• [The data]:
----

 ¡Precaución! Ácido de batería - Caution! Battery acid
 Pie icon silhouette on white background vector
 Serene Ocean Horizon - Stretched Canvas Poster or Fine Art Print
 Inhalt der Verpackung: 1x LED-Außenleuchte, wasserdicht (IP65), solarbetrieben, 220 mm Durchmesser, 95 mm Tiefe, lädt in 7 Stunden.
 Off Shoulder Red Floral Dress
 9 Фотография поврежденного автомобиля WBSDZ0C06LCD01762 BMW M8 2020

----

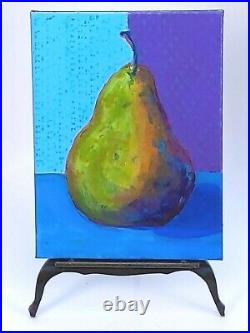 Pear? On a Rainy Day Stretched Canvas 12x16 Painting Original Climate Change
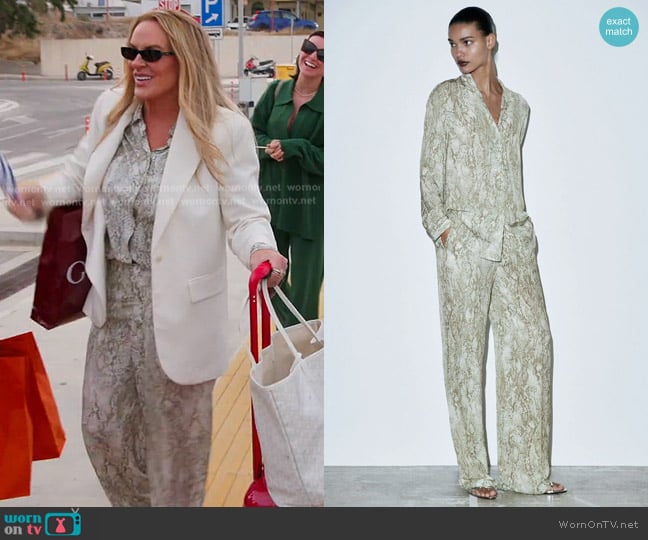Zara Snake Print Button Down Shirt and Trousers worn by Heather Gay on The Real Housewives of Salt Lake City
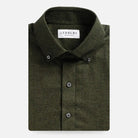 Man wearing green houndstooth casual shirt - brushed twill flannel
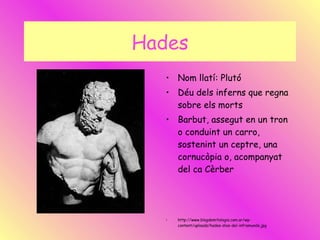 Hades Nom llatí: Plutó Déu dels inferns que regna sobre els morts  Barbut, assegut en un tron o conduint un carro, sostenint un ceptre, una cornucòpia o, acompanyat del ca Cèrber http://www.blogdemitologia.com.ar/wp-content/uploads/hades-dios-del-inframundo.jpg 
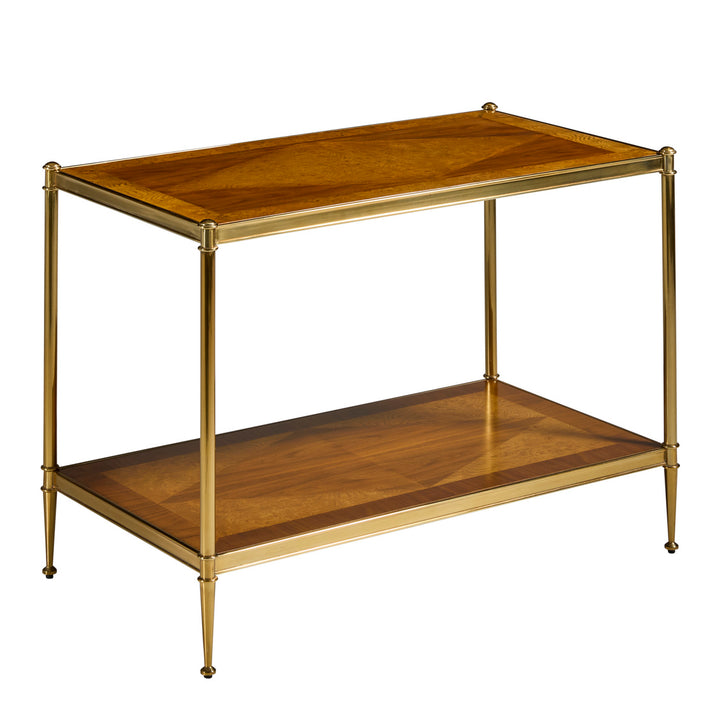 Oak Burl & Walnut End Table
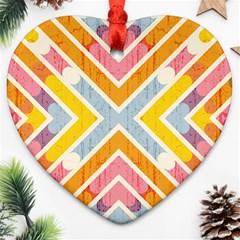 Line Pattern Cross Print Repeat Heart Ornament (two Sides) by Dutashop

----

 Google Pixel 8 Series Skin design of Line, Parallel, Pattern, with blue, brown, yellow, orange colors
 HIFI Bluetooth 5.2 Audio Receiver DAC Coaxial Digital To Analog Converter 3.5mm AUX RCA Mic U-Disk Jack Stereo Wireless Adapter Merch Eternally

----

• [Work order]: Reproduce exactly, and only, the part of the listing above that begins at the line with "Caution! Battery acid" and goes on through the line with "9 Фотография поврежденного".

• [Exercise response]:
 ¡Precaución! Ácido de batería - Caution! Battery acid
 Pie icon silhouette on white background vector
 Serene Ocean Horizon - Stretched Canvas Poster or Fine Art Print
 Inhalt der Verpackung: 1x LED-Außenleuchte, wasserdicht (IP65), solarbetrieben, 220 mm Durchmesser, 95 mm Tiefe, lädt in 7 Stunden.
 Off Shoulder Red Floral Dress
 9 Фотография поврежденного автомобиля WBSDZ0C06LCD01762 BMW M8 2020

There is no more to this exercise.